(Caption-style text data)
BEGIN

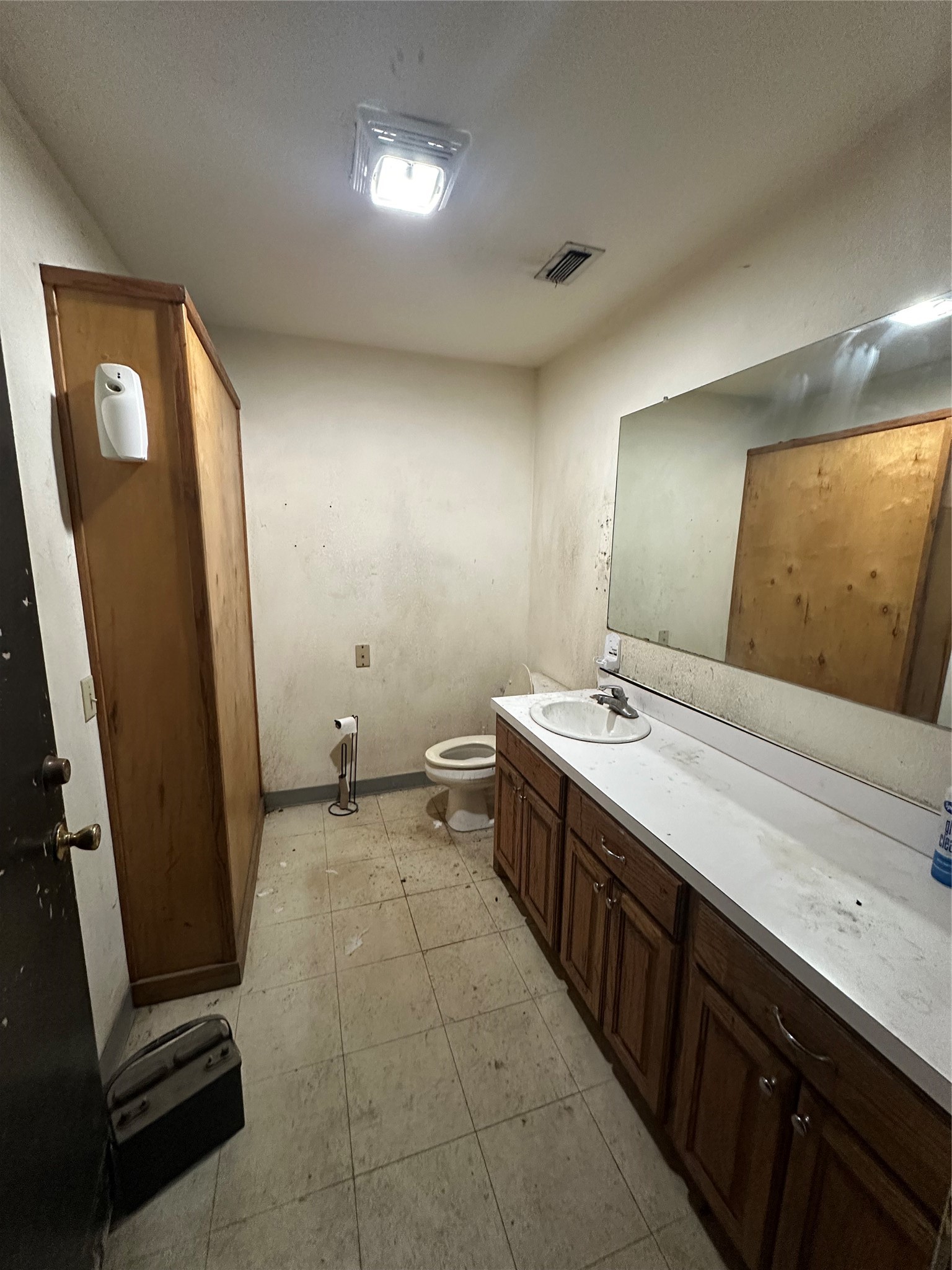 2013 Highway 79 Buffalo, TX 75831 - Photo 22 of 24 a spacious bathroom with a double vanity sink and a mirror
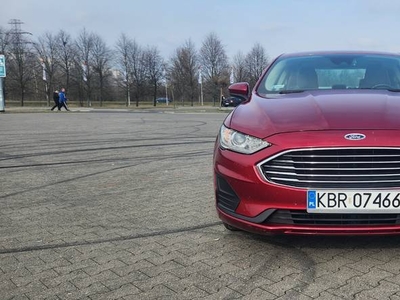 Ford Fusion 2019 Hybryda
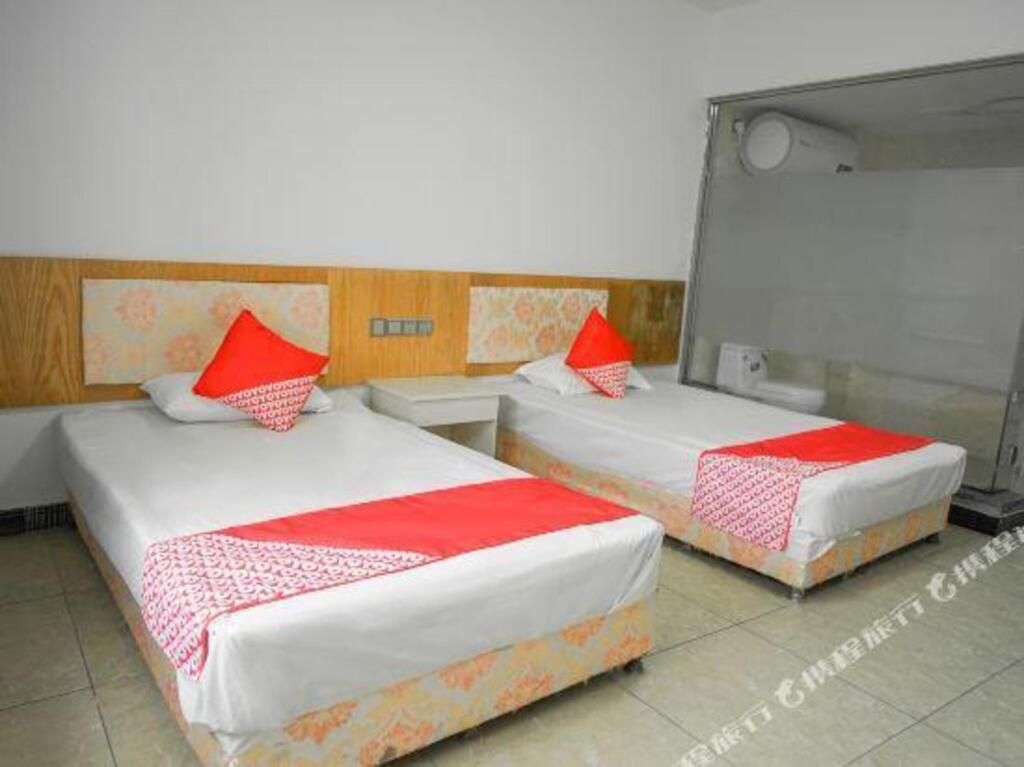 Тайан: Taian Guangcai Shanshui Hostel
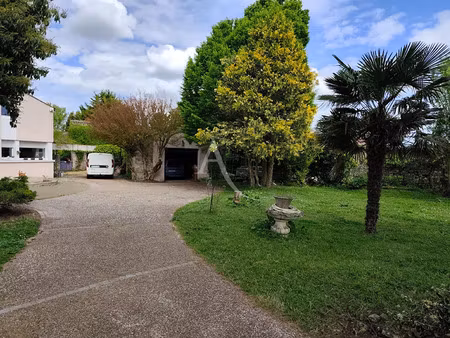 vente maison 7 pièces 160 m² breuil-magné (17870)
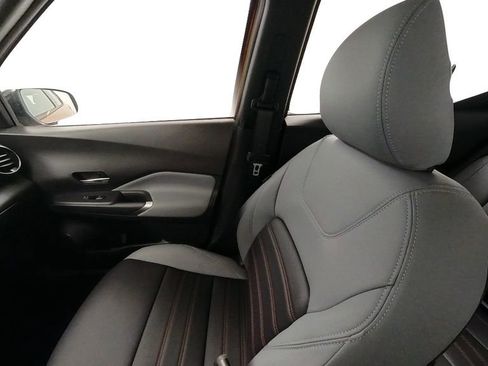 Used 2024 Nissan Kicks SR w/ SR Premium Package FWD image 25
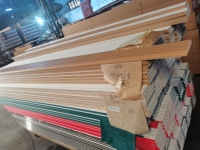 Panneaux de mur intérieur de rainure de revêtement de lattes de plafond en plastique en bois de film de PVC de Wpc imperméables de Wpc pour l'intérieur décorent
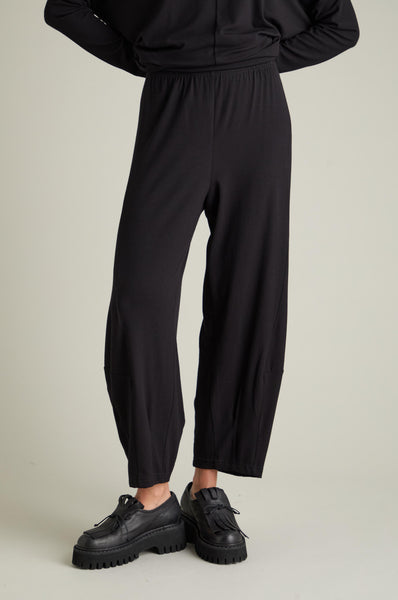 Fluid Crepe Bubble Trousers in Black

END

**What needs to be done:** Apart from the images, every line above needs to be printed again exactly.

**Reply to the task:**
 2013 Highway 79 Buffalo, TX 75831 - Photo 22 of 24 a spacious bathroom with a double vanity sink and a mirror
 Ford Fusion 2019 Hybryda
 Тайан: Taian Guangcai Shanshui Hostel
 vente maison 7 pièces 160 m² breuil-magné (17870)
 Used 2024 Nissan Kicks SR w/ SR Premium Package FWD image 25
 Panneaux de mur intérieur de rainure de revêtement de lattes de plafond en plastique en bois de film de PVC de Wpc imperméables de Wpc pour l'intérieur décorent
 Fluid Crepe Bubble Trousers in Black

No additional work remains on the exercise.